@dkl55 there's a really good transcript of a podcast he did here - riskytalk.libsyn.com/transcript-of-coronavirus-understanding-the-numbers
Professor David Spiegelhalter is a statistician who works on risk at Cambridge University. Here are some key points from the podcast -
So people have said - in fact, Neil Ferguson, the head of the Imperial University modeling team, said in evidence to the parliamentary committee last week that he thought maybe two thirds of deaths were people who would probably have died reasonably soon anyway! So, there's a couple of issues about that.
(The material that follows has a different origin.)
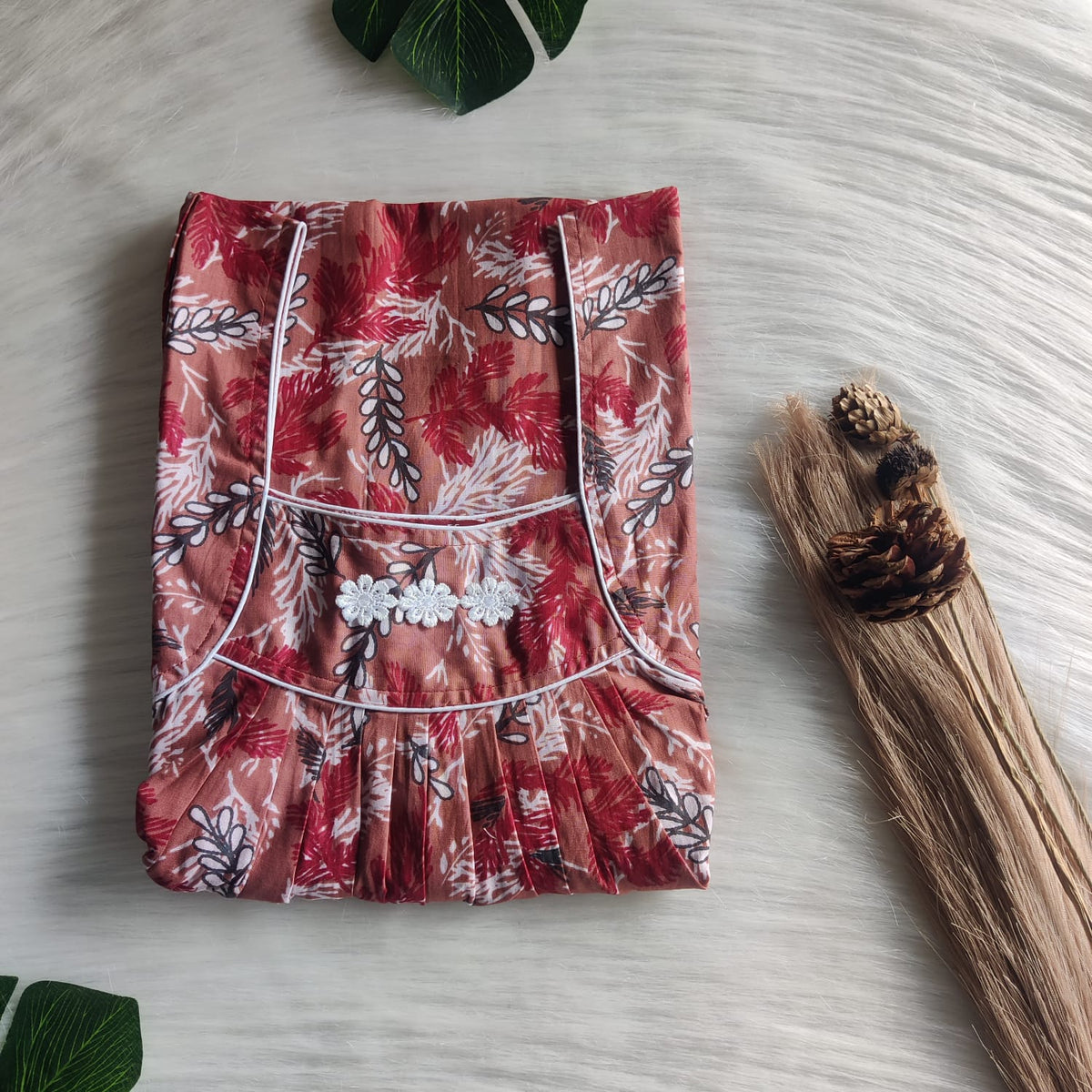 Mauve Printed Premium Cotton Three Flower Nighty |Free Size | Chest Width 44"| Length 54"-55"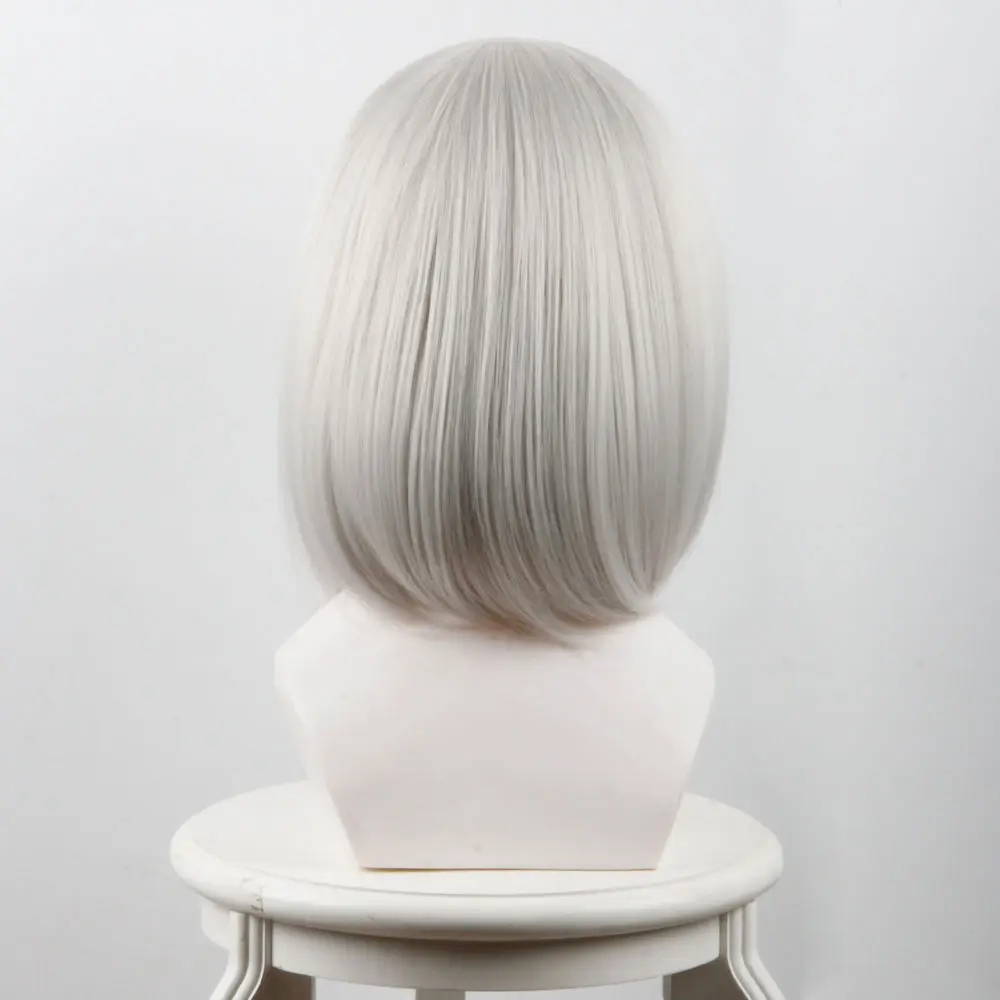 High Quality NieR:Automata 2B YoRHa No. 2 Type B Heroine Cosplay Wig Silver Grey Short Bobo Styled Synthetic Hair Wigs + Wig Cap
First of all it means, perhaps, that when we come out with this, we'll find that the number of excess deaths in the country over the year might very well not be excessive. It might look just look like even an average flu season in terms of the extra deaths.
This is the crucial thing, this is what I dread at the end of this. If these lockdown measures are effective, and the aim is, as has been made explicit, is to try to keep the deaths below 20,000. If that happens, and people may look back at the end of the year and say, "oh, well, not many extra people died anyway", then the accusation will be made that therefore, we didn't need to do the lockdown, which is not a logical consequence! It's only as low as 20,000 because we have taken these measures.
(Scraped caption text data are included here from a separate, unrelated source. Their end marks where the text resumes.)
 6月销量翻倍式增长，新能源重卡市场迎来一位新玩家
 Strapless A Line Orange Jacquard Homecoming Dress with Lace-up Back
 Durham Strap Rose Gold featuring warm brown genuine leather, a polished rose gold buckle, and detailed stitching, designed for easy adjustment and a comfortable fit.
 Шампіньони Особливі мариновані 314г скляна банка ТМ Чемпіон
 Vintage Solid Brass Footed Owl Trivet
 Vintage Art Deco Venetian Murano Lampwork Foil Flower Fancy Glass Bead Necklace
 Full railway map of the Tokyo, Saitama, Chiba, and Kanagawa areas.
the crucial thing - and people do forget this, even though it's been emphasized again and again, by the Imperial modellers and everybody - is that in the end it’s not a matter of saving the lives of some old vulnerable people who are going to die soon anyway. It's the fact that if you didn't do that, if you didn't bring in these measures, you know, the NHS would be just totally overwhelmed, particularly as it’s short staffed. It's going to be touch and go, I think, anyway, whether it can deal with it.
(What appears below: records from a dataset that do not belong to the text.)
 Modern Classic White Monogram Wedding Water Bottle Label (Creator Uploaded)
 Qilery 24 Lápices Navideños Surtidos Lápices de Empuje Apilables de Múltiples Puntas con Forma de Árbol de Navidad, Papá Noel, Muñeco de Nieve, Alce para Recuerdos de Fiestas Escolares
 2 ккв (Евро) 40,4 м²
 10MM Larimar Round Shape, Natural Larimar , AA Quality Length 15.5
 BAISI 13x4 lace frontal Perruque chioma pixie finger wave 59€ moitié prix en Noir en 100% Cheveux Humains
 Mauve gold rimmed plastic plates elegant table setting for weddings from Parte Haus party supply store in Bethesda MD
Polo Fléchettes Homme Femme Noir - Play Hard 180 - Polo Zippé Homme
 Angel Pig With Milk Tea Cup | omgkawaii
Regarding personal risk, he says in explanation of the diagram included in the BBC article: essentially if you get Covid 19, the risk of dying is very roughly equivalent to the risk you'd normally have over the whole year: it packs a year's worth of risk into the few weeks that you've got the disease. And that kind of puts it in perspective, what it shows is that this is a relative risk, whatever risk you've got, at the moment, it ups it enormously for that short period, if it's three or four weeks, then maybe that's 15 times your normal risk. And so we can really understand why frail, vulnerable people are at such high risk, why it's so dangerous for them because they're at risk anyway and suddenly it shoots up, they get a whole year's worth, you know, in less than a month.
His perspective on COVID-19 is really valuable and I'd urge you all to read the transcript or listen to the podcast if you can.